▸ **TASK BRIEF**
Find the line below with "CAWR-CE_Carolina-Wren" and the line with "Догонялки☺️". Output exactly those lines and everything between them, leaving out the pictures.

▸ **STUDY MATERIAL**
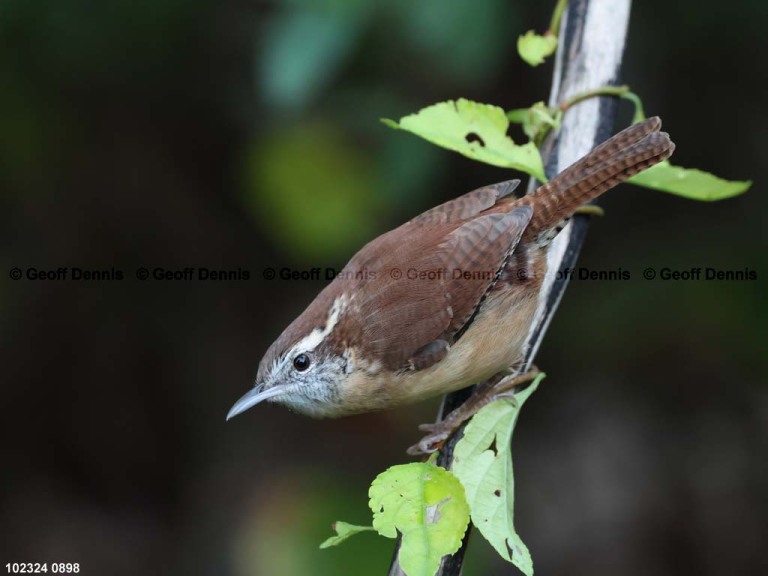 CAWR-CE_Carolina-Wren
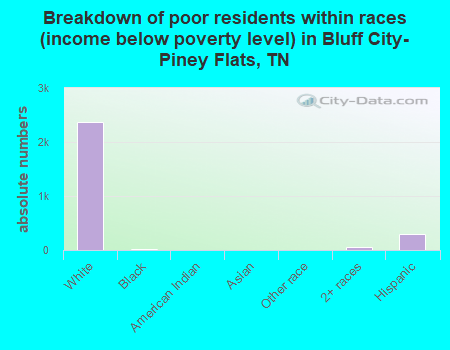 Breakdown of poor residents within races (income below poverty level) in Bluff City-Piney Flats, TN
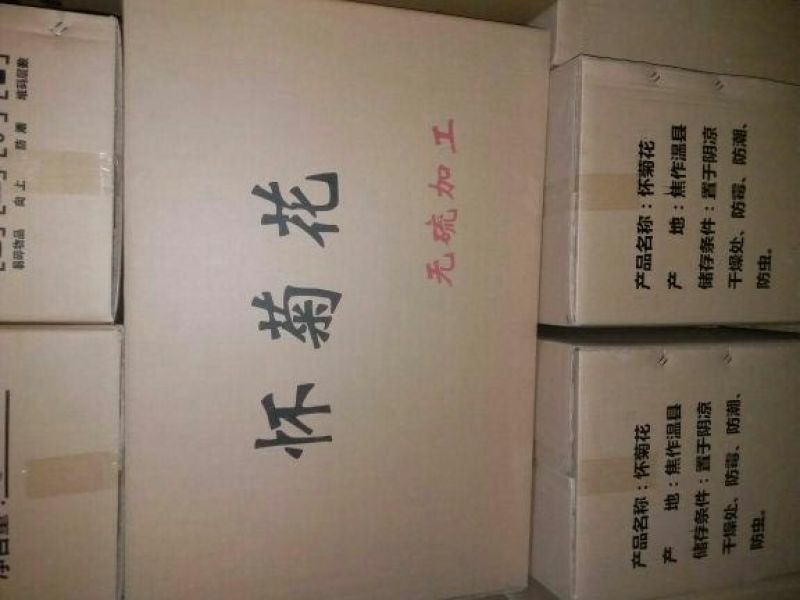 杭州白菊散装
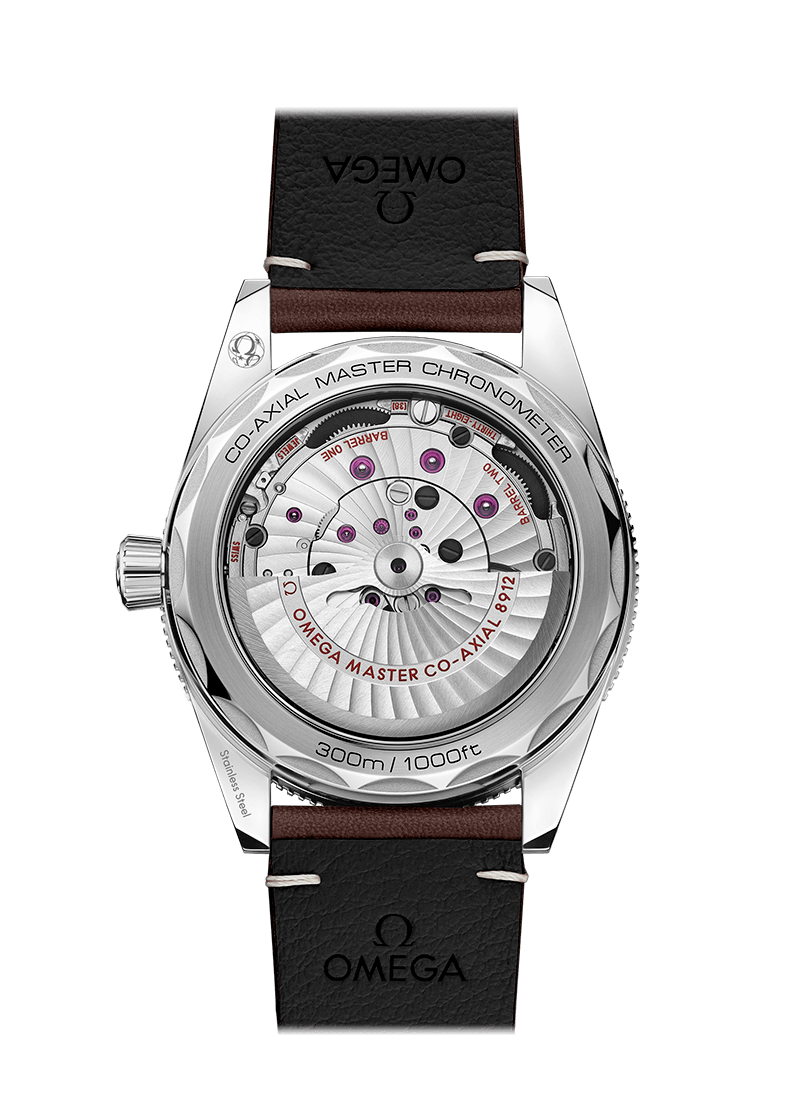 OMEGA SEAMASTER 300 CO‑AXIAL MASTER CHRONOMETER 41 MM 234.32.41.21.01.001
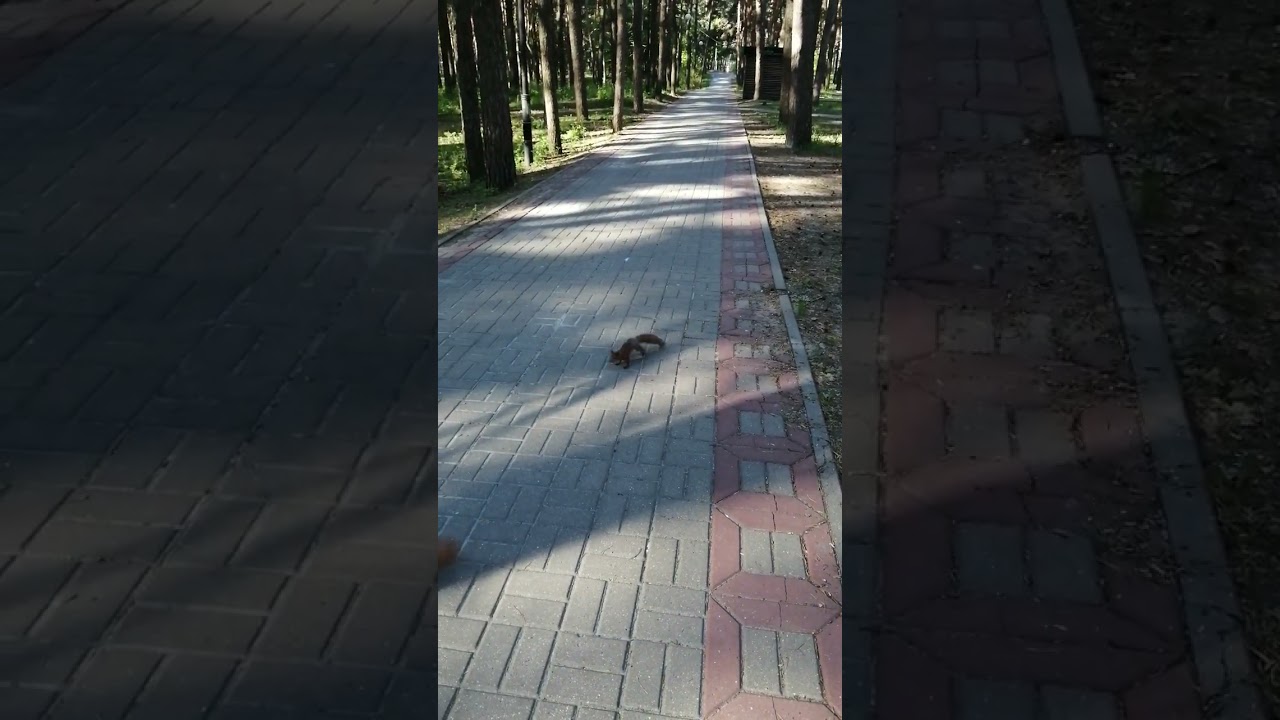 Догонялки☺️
* * *
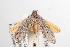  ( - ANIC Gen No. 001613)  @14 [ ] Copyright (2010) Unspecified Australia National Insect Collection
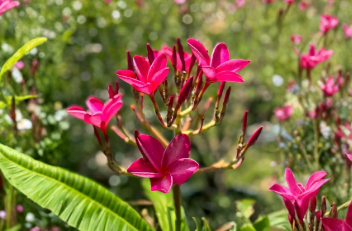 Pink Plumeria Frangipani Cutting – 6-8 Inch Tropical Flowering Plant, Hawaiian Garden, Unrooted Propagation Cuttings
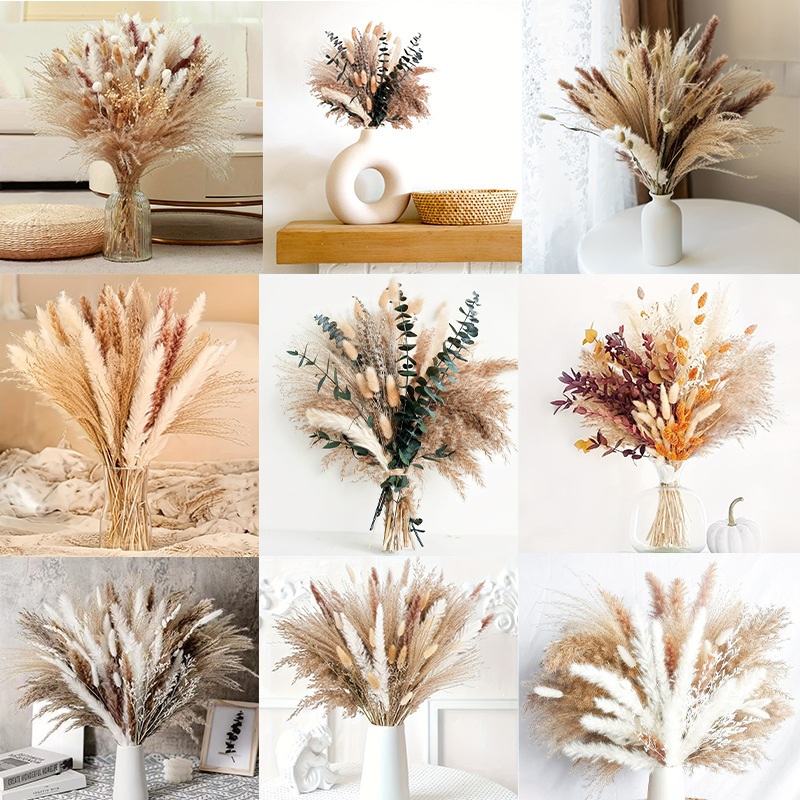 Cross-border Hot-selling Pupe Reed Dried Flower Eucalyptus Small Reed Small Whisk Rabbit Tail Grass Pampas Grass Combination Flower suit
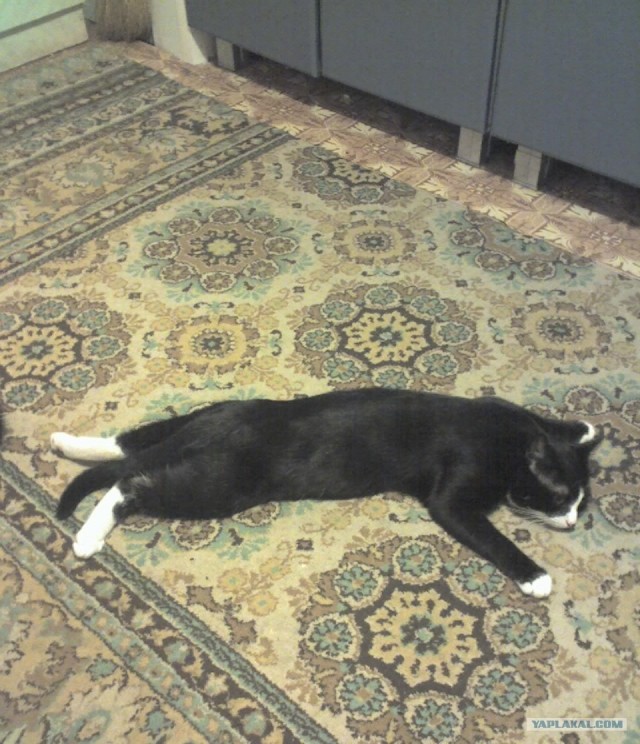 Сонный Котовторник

▸ **SOLUTION TO THE PROBLEM**
 CAWR-CE_Carolina-Wren
 Breakdown of poor residents within races (income below poverty level) in Bluff City-Piney Flats, TN
 杭州白菊散装
 OMEGA SEAMASTER 300 CO‑AXIAL MASTER CHRONOMETER 41 MM 234.32.41.21.01.001
 Догонялки☺️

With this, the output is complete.